Study material:

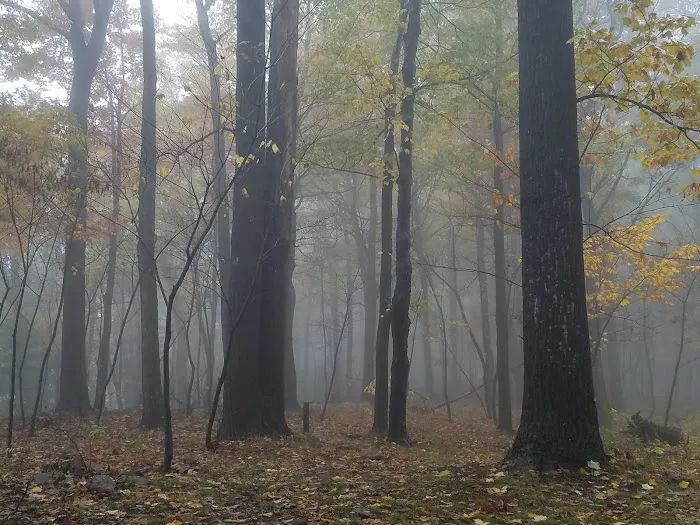 Rothrock State Forest Campsite #2 Picture 10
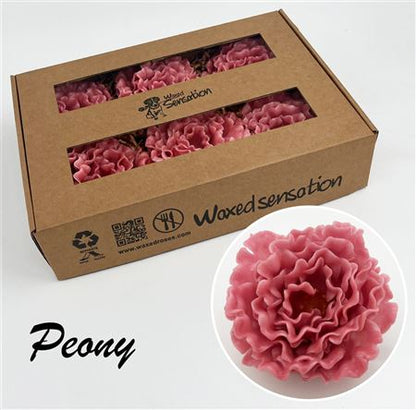 FeedSync:wholesale:8b67b73fe3688aec4c034b2990afa2f774fcbf0b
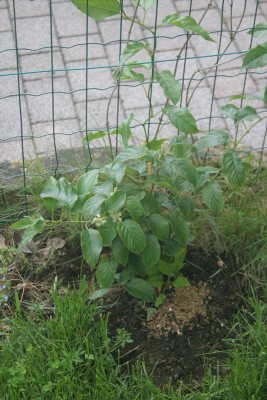 IMG_8087.jpg (286.76 KiB) Osservato 688 volte IMG_8087.jpg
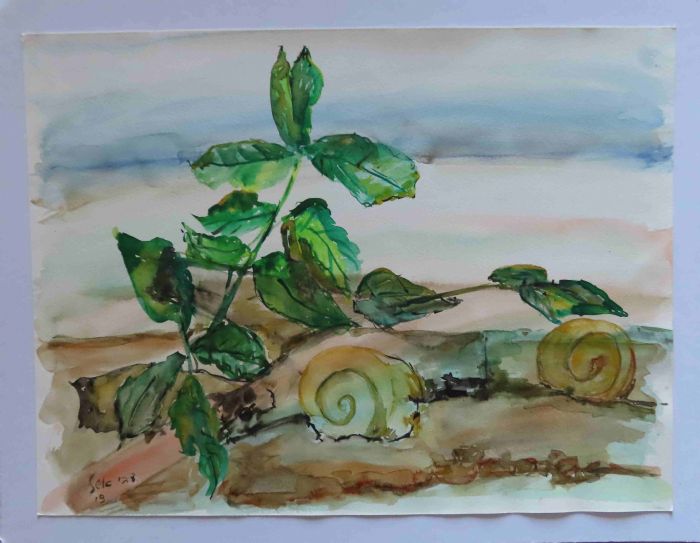 Debbie Eshel, aquarelle on paper, attached to cardboard, 36 by 48 cm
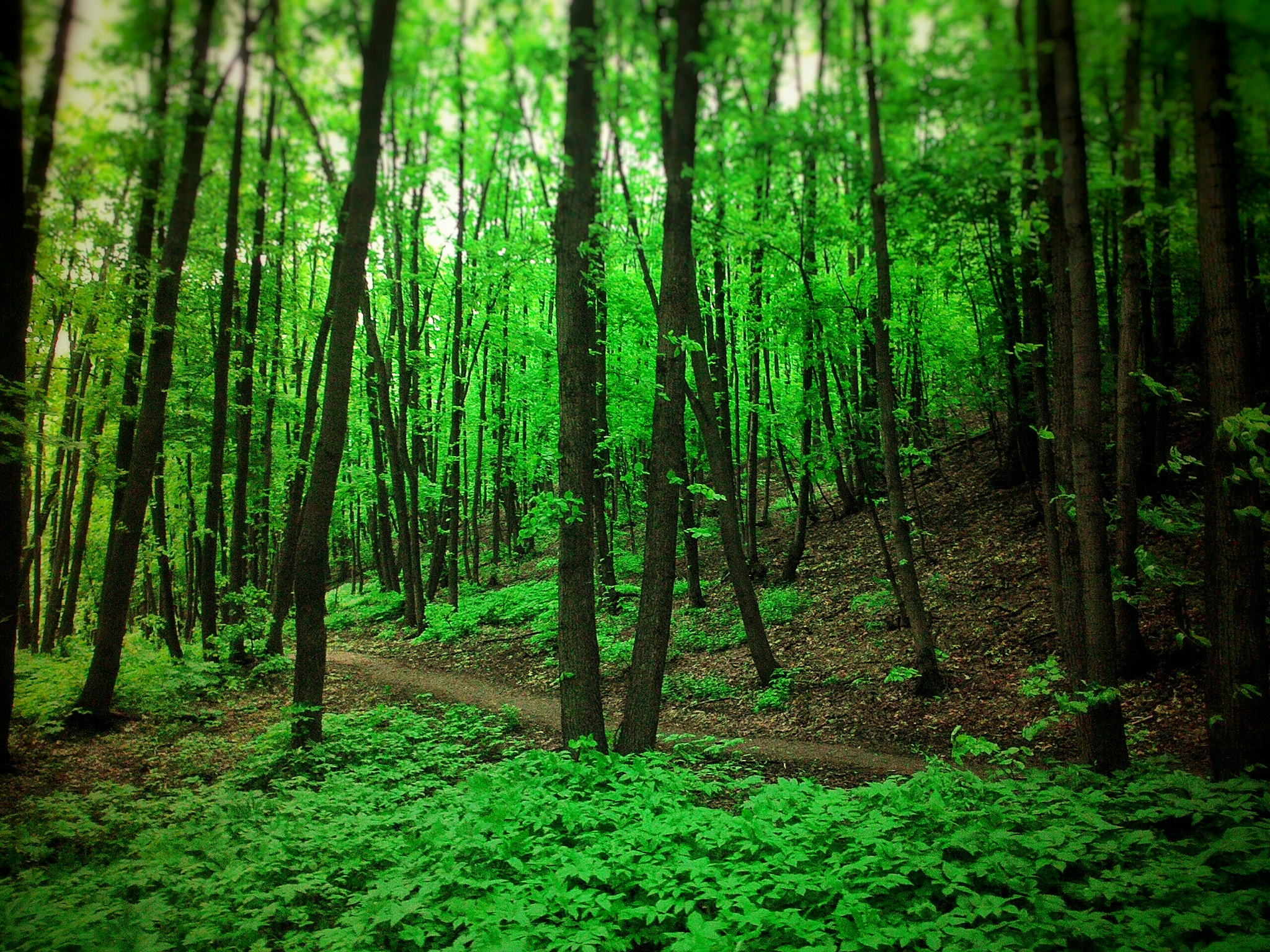 ASUS ZenFone 4 (A400CG) sample photo. Landscape photography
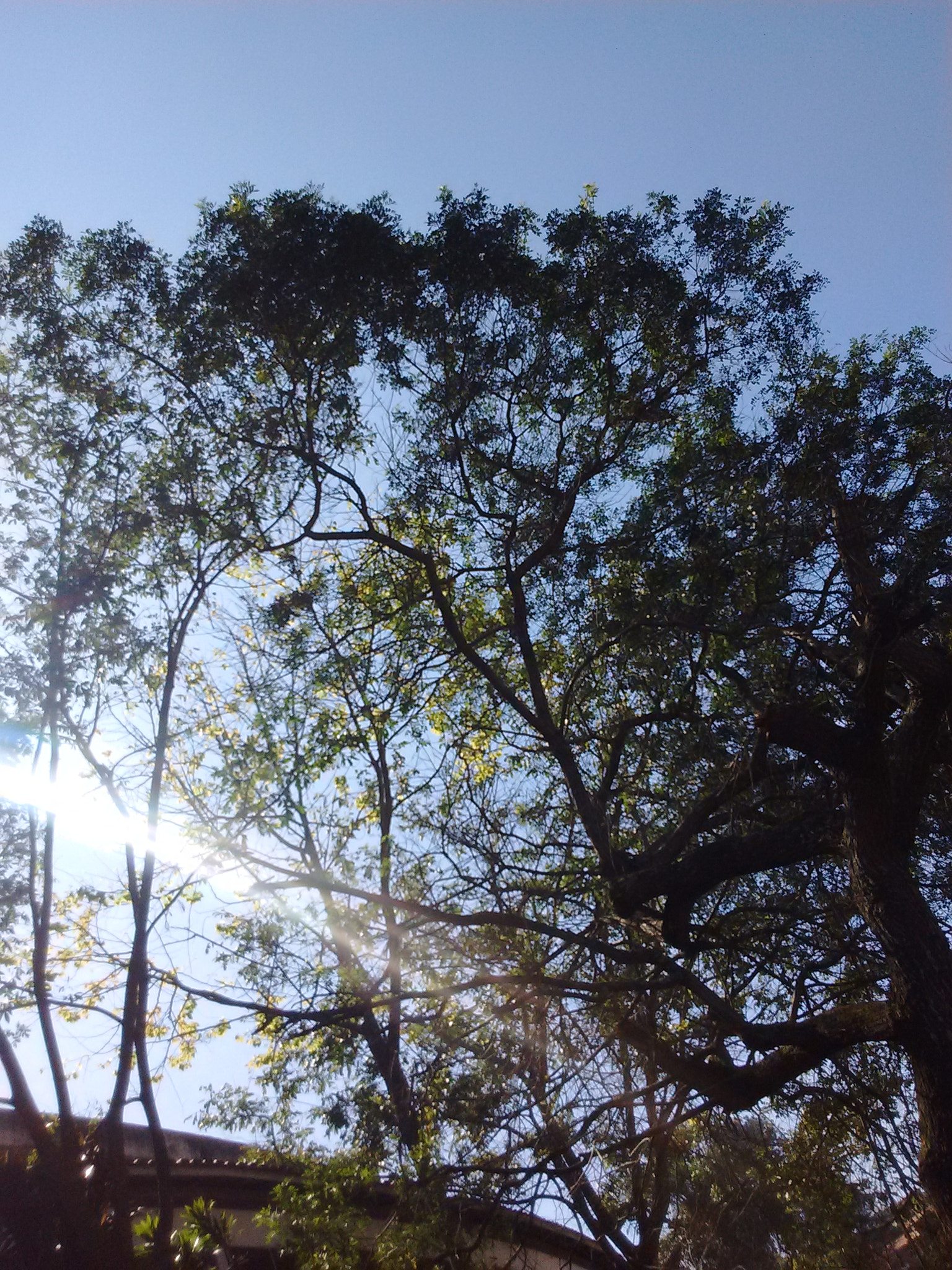 Motorola MotoE2 sample photo. The nature photography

Your assignment: What you print must match the entries exactly, except that no pictures appear.

Task output:
 Rothrock State Forest Campsite #2 Picture 10
 FeedSync:wholesale:8b67b73fe3688aec4c034b2990afa2f774fcbf0b
 IMG_8087.jpg (286.76 KiB) Osservato 688 volte IMG_8087.jpg
 Debbie Eshel, aquarelle on paper, attached to cardboard, 36 by 48 cm
 ASUS ZenFone 4 (A400CG) sample photo. Landscape photography
 Motorola MotoE2 sample photo. The nature photography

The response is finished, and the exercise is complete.